All Wheeler could do was shake his head, just one of many frustrating moments for the Mets, victims of a 10-3 drubbing by the Rockies.

"Honestly, I didn't have a clue where my ball was going today," said Wheeler, who endured the worst start of his career against baseball's most potent offense.

The Rockies' Charlie Blackmon homered and went 3-for-5, raising his average to .380. He ranks second in the NL to teammate Troy Tulowitzki (.385), who knocked in three runs.

Nolan Arenado extended his hitting streak to 22 games, the longest in baseball this season. Later, he channeled his inner Brooks Robinson by making a diving stab and unleashing a long throw from foul ground to rob Chris Young of a hit.

Wheeler lasted only four innings, his shortest outing, and allowed a career-high seven runs (six earned). For only the second time, he had only one strikeout.

"They're swinging the bats great, and we've got to figure out some way to stop them," said manager Terry Collins, whose team has been outscored 17-7 in the first two games of the series.

The Rockies' barrage forced the Mets to settle for small victories.

David Wright collected two hits. As did Juan Lagares, who led off for the second straight game ahead of the displaced Eric Young Jr.

The slumping Curtis Granderson finished 2-for-4, including a two-run homer, just his second with the Mets.

"Each day, it's trying to get a little [more] improvement than you had the previous day," Granderson said. "Today was one of those days."

Granderson is hitting just .156 but has been encouraged by the contact of late. His swing, he said, is "getting there."

But until it does, the Mets might be forced to weather more difficult nights, as they did against Rockies lefty Jorge De La Rosa.

The Mets threatened a big inning in the first against De La Rosa, but Daniel Murphy helped squash the rally when he was caught trying to steal third.

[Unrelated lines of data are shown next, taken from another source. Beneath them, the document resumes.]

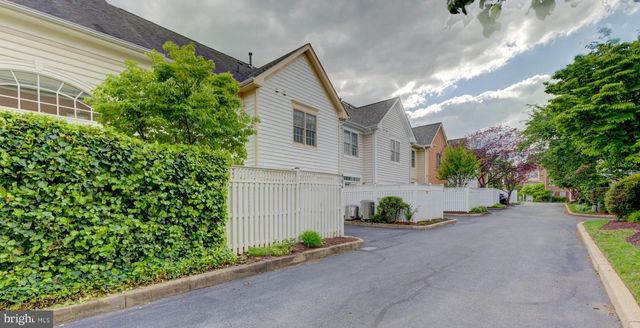 904 OAK KNOLL TER, Rockville, MD 20850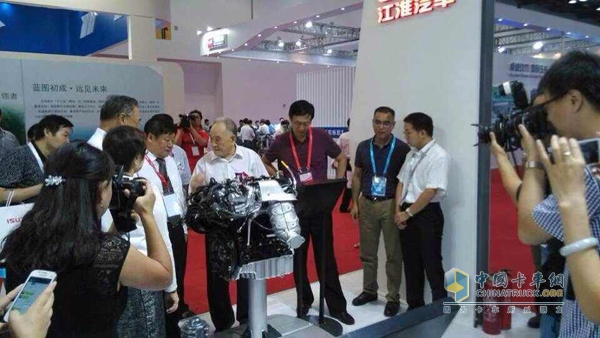 He Guangyuan, Minister of Machinery Industry inspected and instructed JAC Engine Booth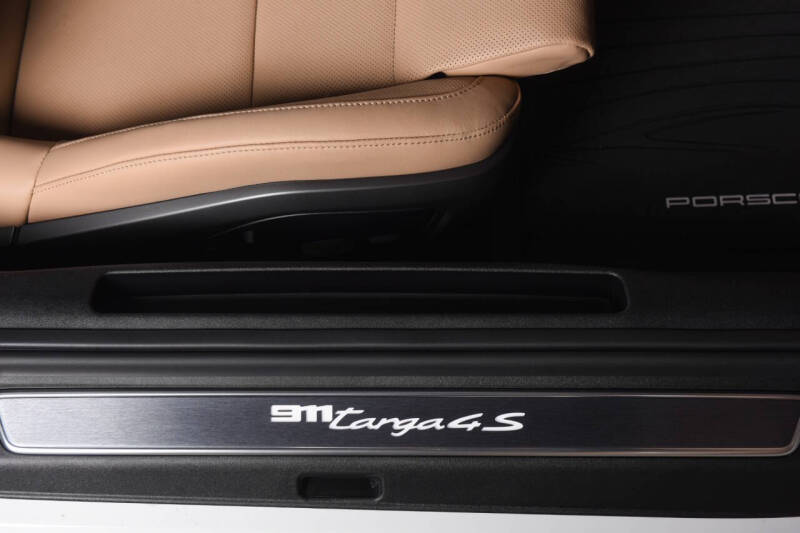 2024 Porsche 911 Targa 4S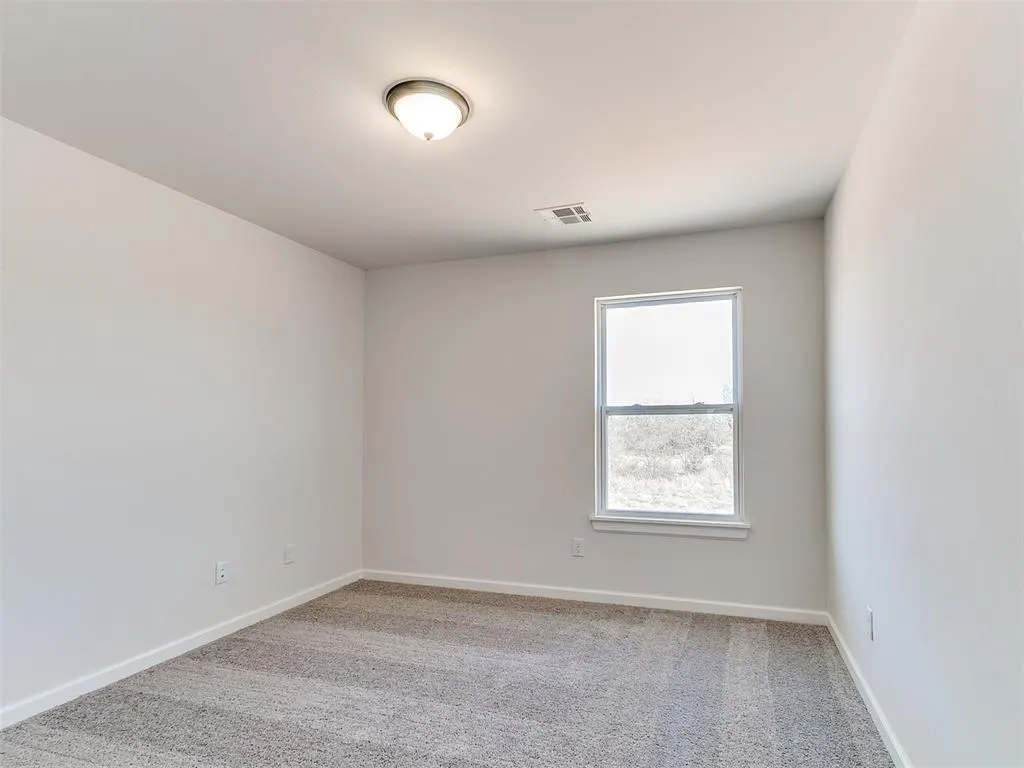 Photo 12 — 1304 Lighthorsemen Way, Choctaw, OK 73020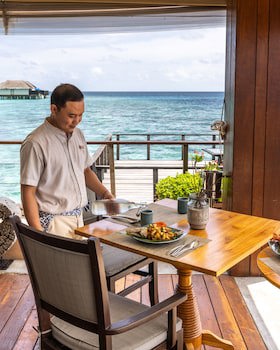 Dusit Thani Maldives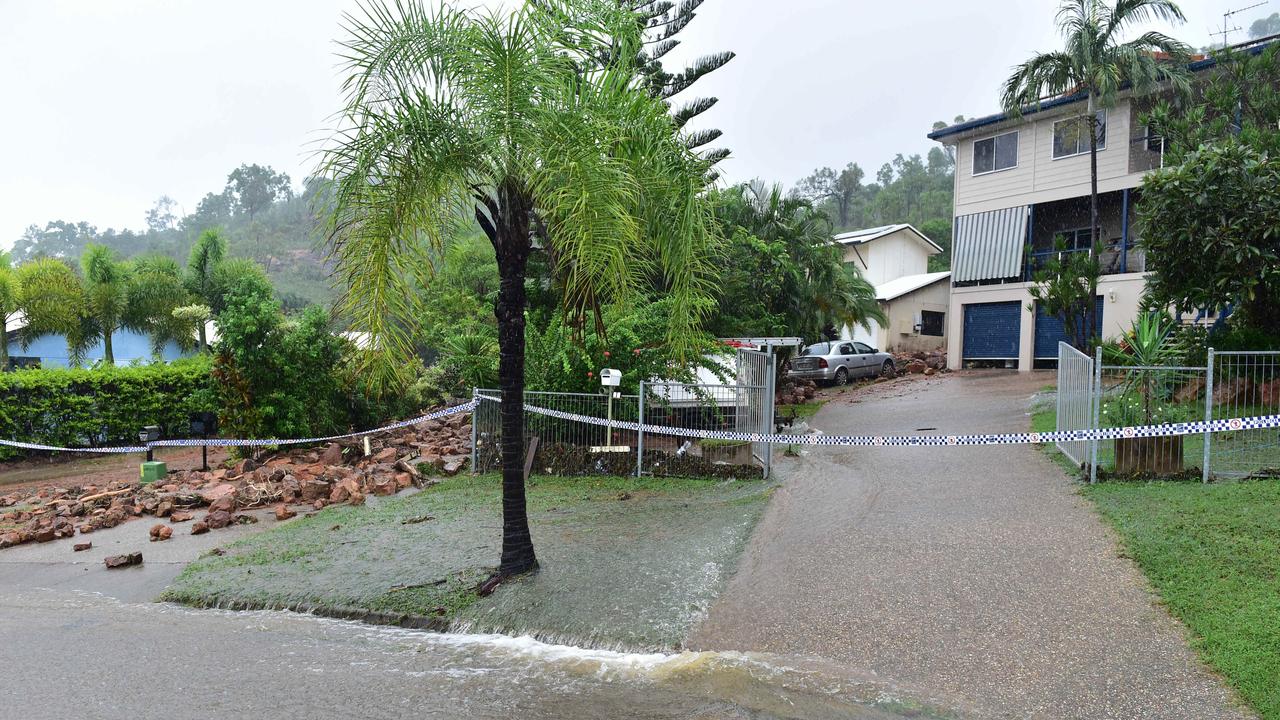 Landslide at Mueller Street, Wulguru. Shae Beplate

Meanwhile, the Rockies didn't miss their chances, needing only two innings to take a 6-1 lead.

Blackmon sneaked a grounder through the right side of the infield to trigger a first-inning rally. Later, Rosario's accidental infield hit knocked in the final run of a four-run first.

Tulowitzki added a two-run single in the second to put the Rockies in the driver's seat.

"They're aggressive, they're putting good swings on the ball and they're doing it to all sides of the field," Granderson said. "Everybody that comes up there is a threat."

Notes & quotes: Retiring commissioner Bud Selig didn't deviate from his standard line about the Mets. Visiting Coors Field as part of his farewell tour, Selig said he has "a lot of faith" in the controlling Wilpon family and in general manager Sandy Alderson.

"I am not the least bit concerned about the Mets' ability to compete at the major-league level, no doubt about it," Selig said in response to the Mets' relatively modest $86-million payroll.

Selig insisted that rebuilding a team through the farm system -- as the Mets have attempted -- remains a slow process. "I think the Mets are playing better," he said. "I think the Mets feel that they're better."